YOUR INSTRUCTIONS: What you return must be the data below, word for word, without any images.

STORED DATA:

_ _ _ _ _ _ _

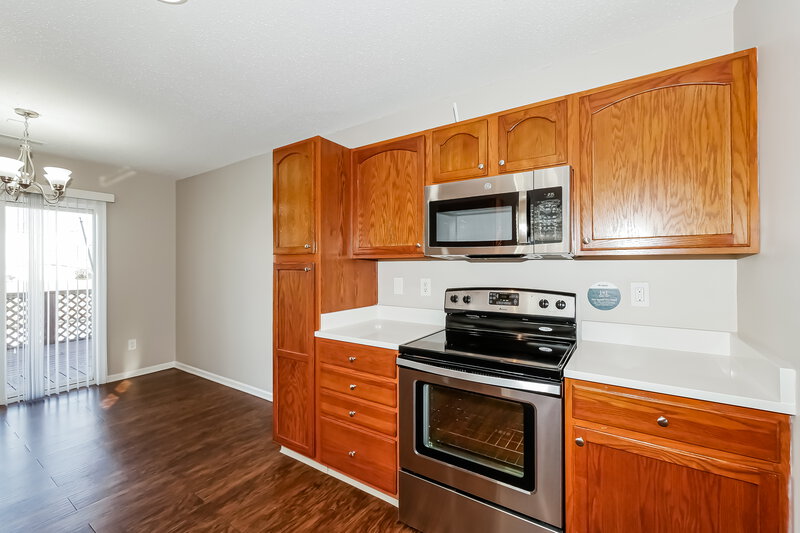 1,695/Mo, 648 Cloverfield Ln Greenwood, IN 46143 Kitchen View 2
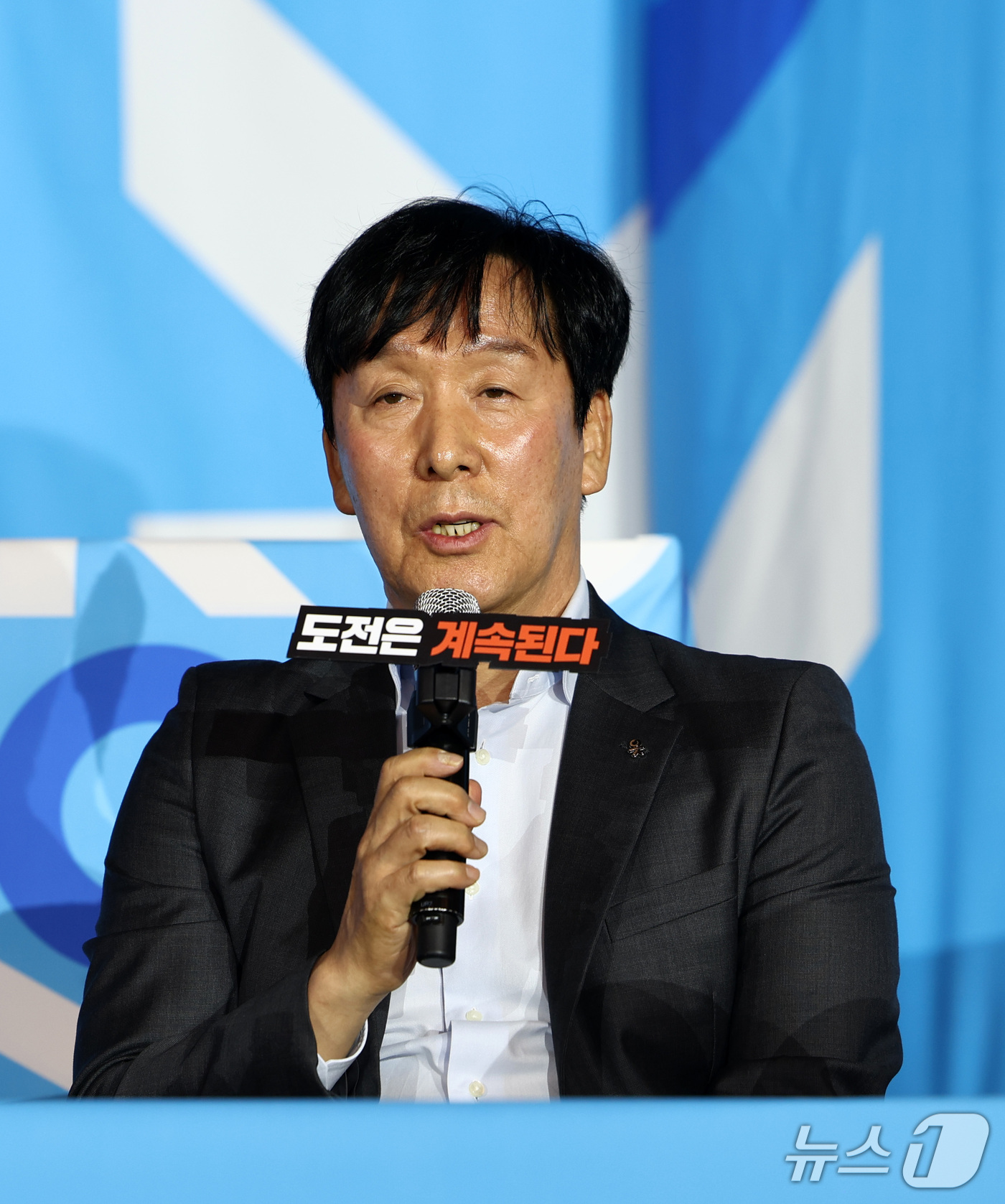 (서울=뉴스1) 최지환 기자 = 신영철 OK저축은행 감독이 8일 오후 서울 강남구 호텔리베라 청담에서 열린 2026-2027 시즌 프로배구 남자부 미디어데이에서 시즌에 임하는 각오 …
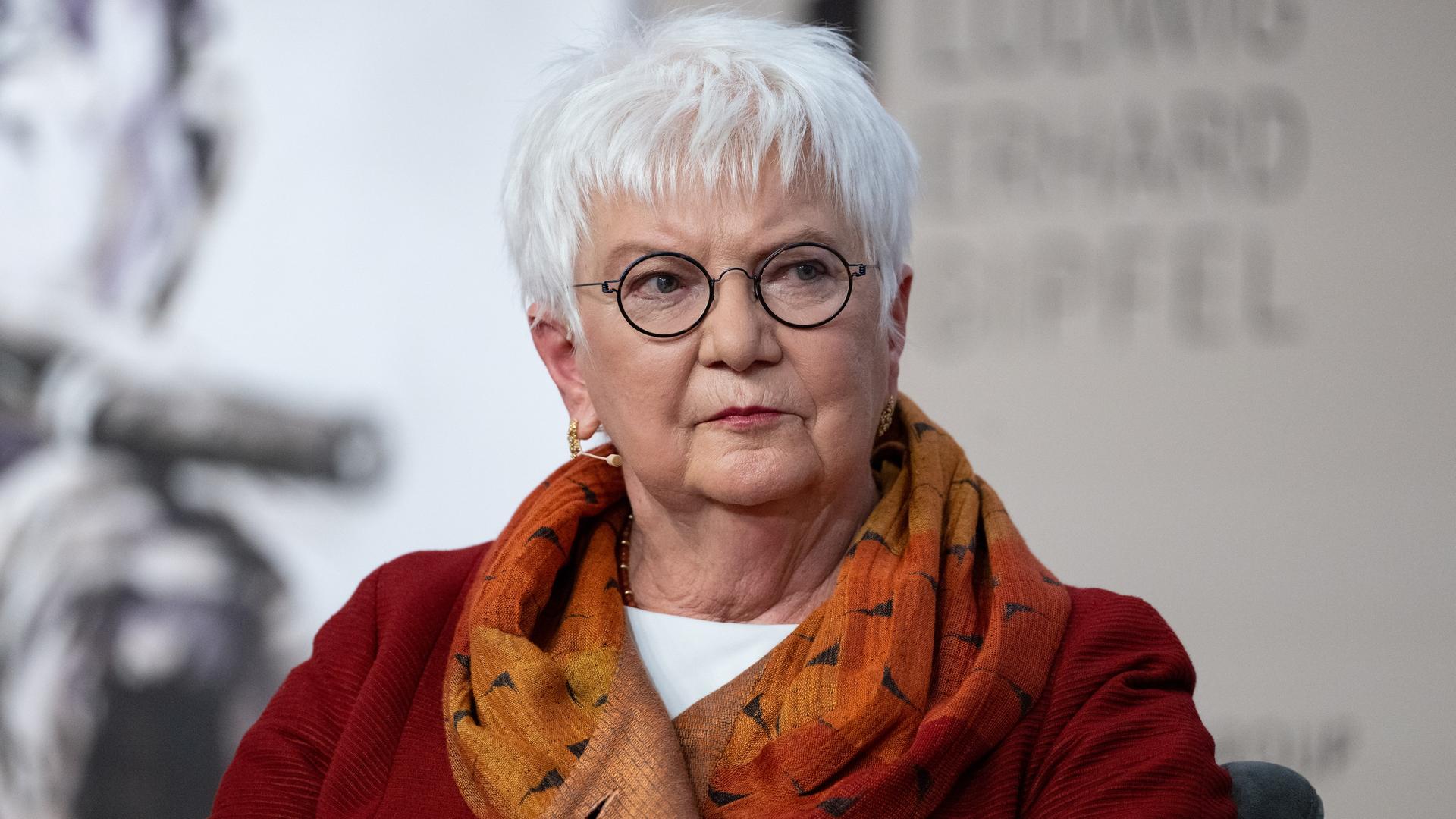 Gerda Hasselfeldt sitzt auf dem Podium beim Ludwig-Erhard-Gipfel am Tegernsee.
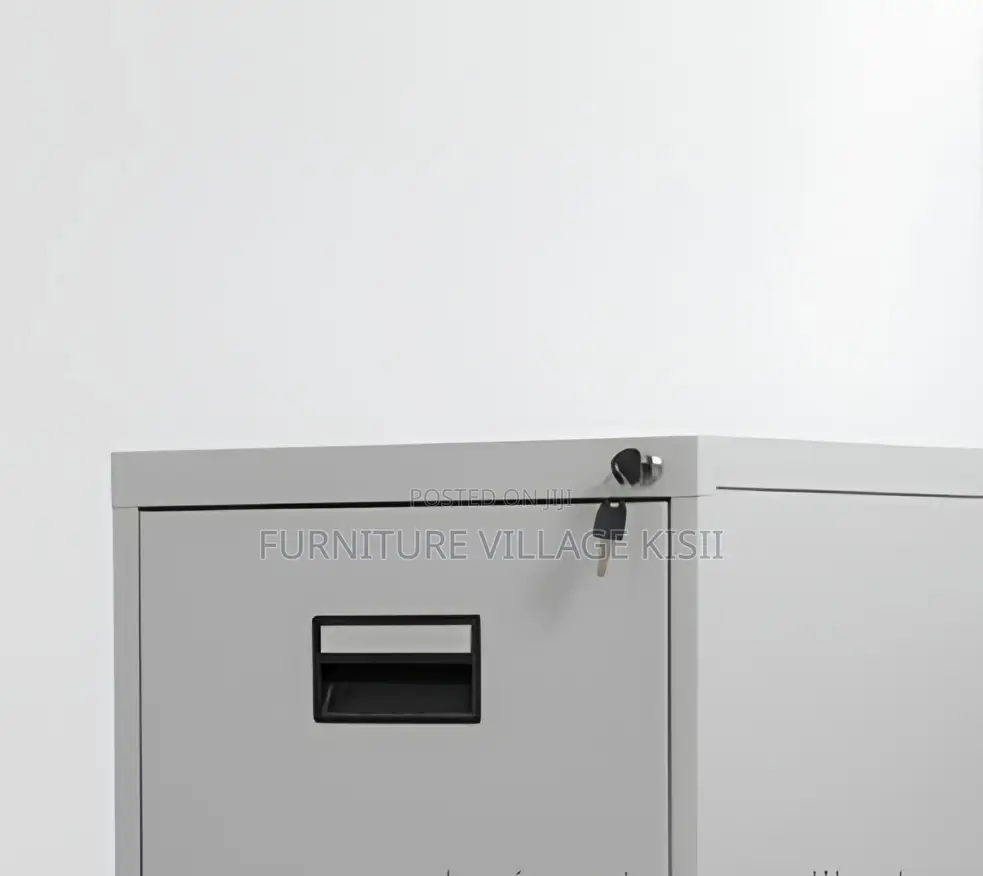 Office Cabinet: 3-Drawer File Cabinet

_ _ _ _ _ _ _

PROBLEM SOLUTION:
 1,695/Mo, 648 Cloverfield Ln Greenwood, IN 46143 Kitchen View 2
 (서울=뉴스1) 최지환 기자 = 신영철 OK저축은행 감독이 8일 오후 서울 강남구 호텔리베라 청담에서 열린 2026-2027 시즌 프로배구 남자부 미디어데이에서 시즌에 임하는 각오 …
 Gerda Hasselfeldt sitzt auf dem Podium beim Ludwig-Erhard-Gipfel am Tegernsee.
 Office Cabinet: 3-Drawer File Cabinet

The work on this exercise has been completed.